* _What to produce_
Would you write out each line of the material below exactly, skipping every picture?

* _Source material_
——————

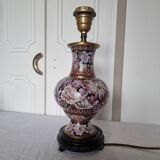 Lampe sur un vase ancien en émail cloisonné à joli décor floral rose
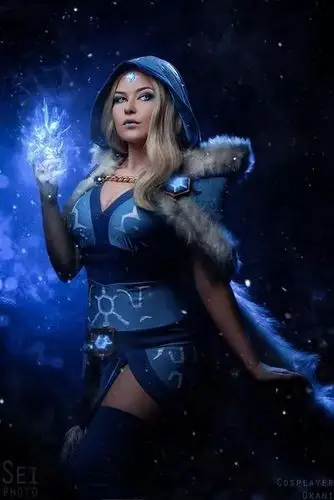 猫主子化身龙珠破坏神还原cos比鲁斯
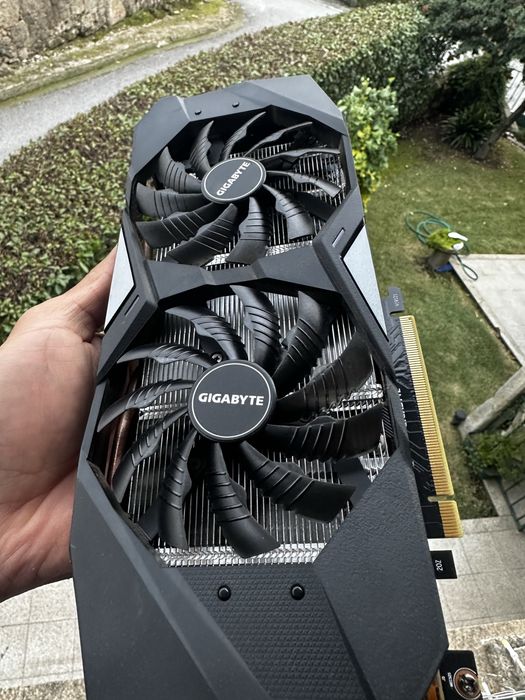 RTX 2060 Gigabyte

——————

* _Solution to this exercise_
 Lampe sur un vase ancien en émail cloisonné à joli décor floral rose
 猫主子化身龙珠破坏神还原cos比鲁斯
 RTX 2060 Gigabyte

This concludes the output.